COLLECTED MATERIAL
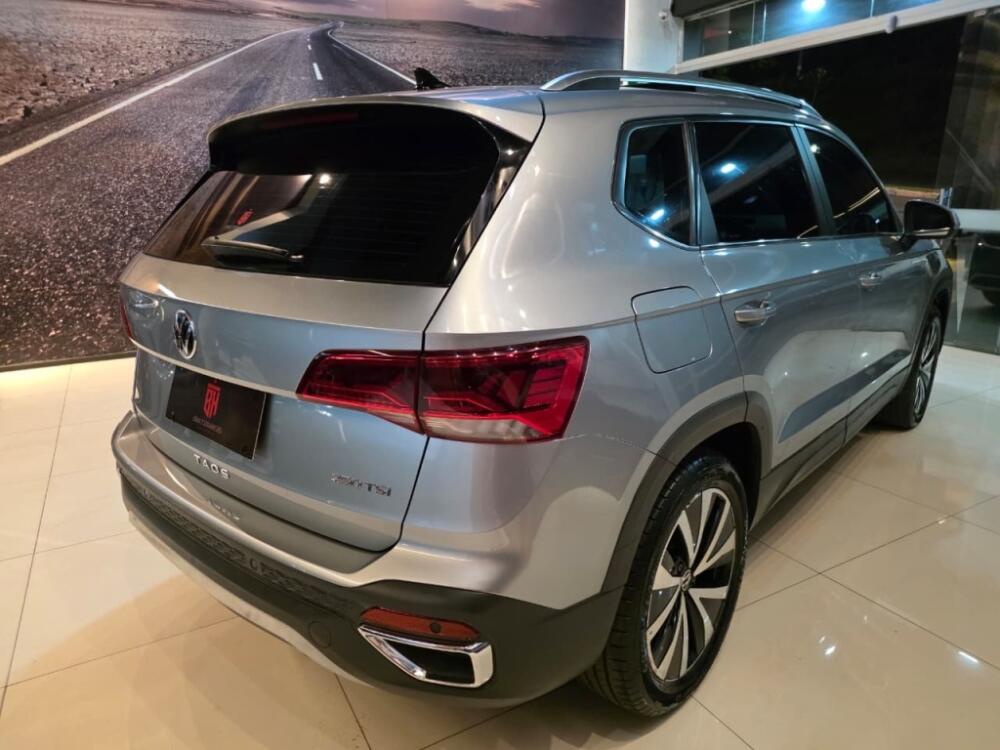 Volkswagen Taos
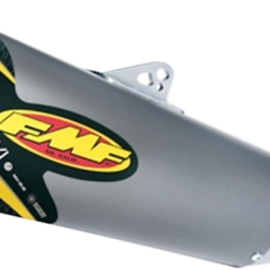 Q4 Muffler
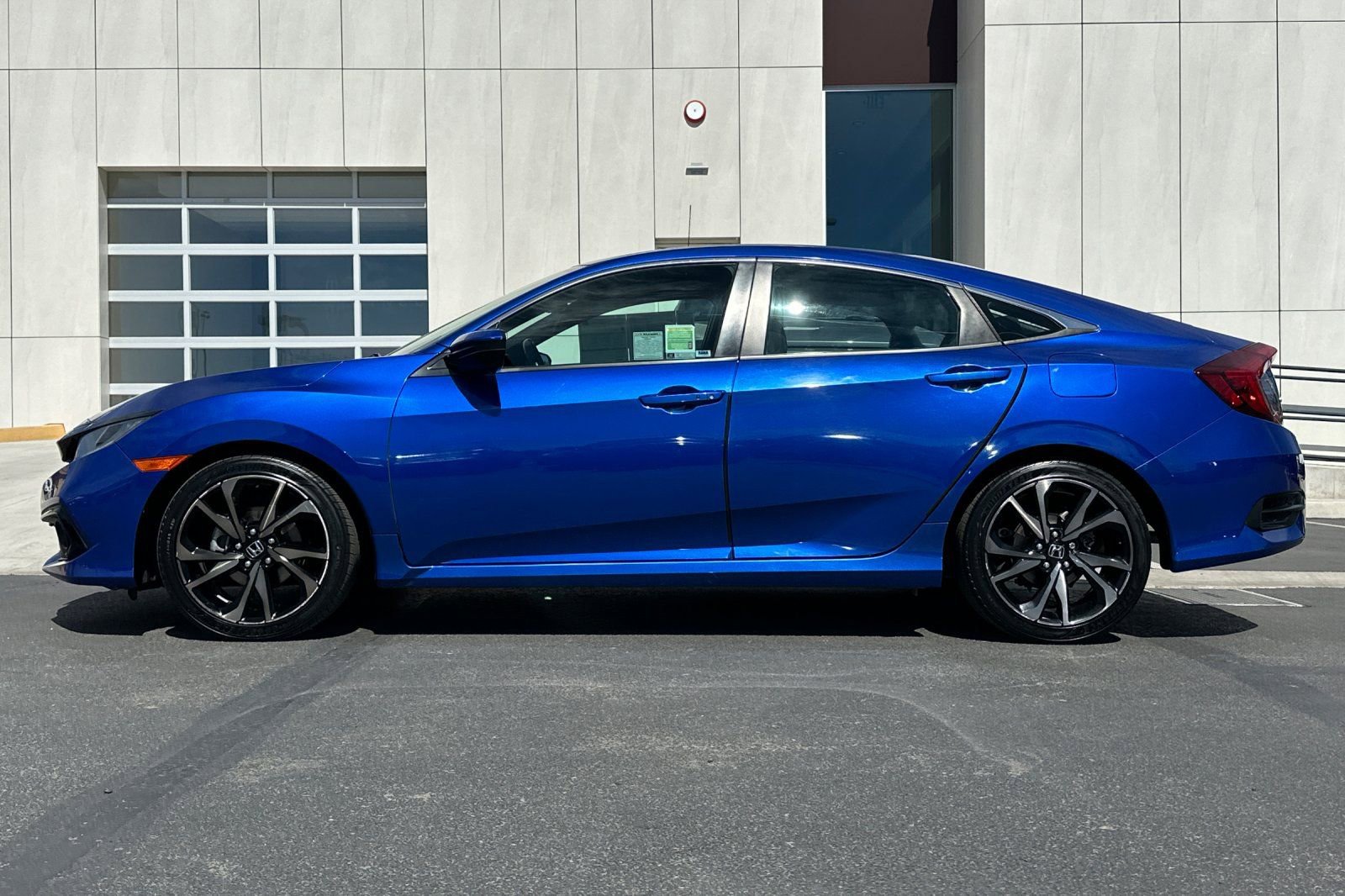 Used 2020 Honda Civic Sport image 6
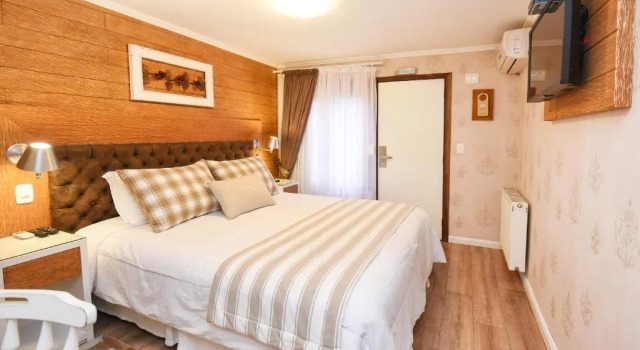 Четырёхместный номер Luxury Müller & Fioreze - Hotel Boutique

WHAT YOU HAVE TO DO
Down to the last line, print the material exactly, but not its pictures.

SOLUTION
 Volkswagen Taos
 Q4 Muffler
 Used 2020 Honda Civic Sport image 6
 Четырёхместный номер Luxury Müller & Fioreze - Hotel Boutique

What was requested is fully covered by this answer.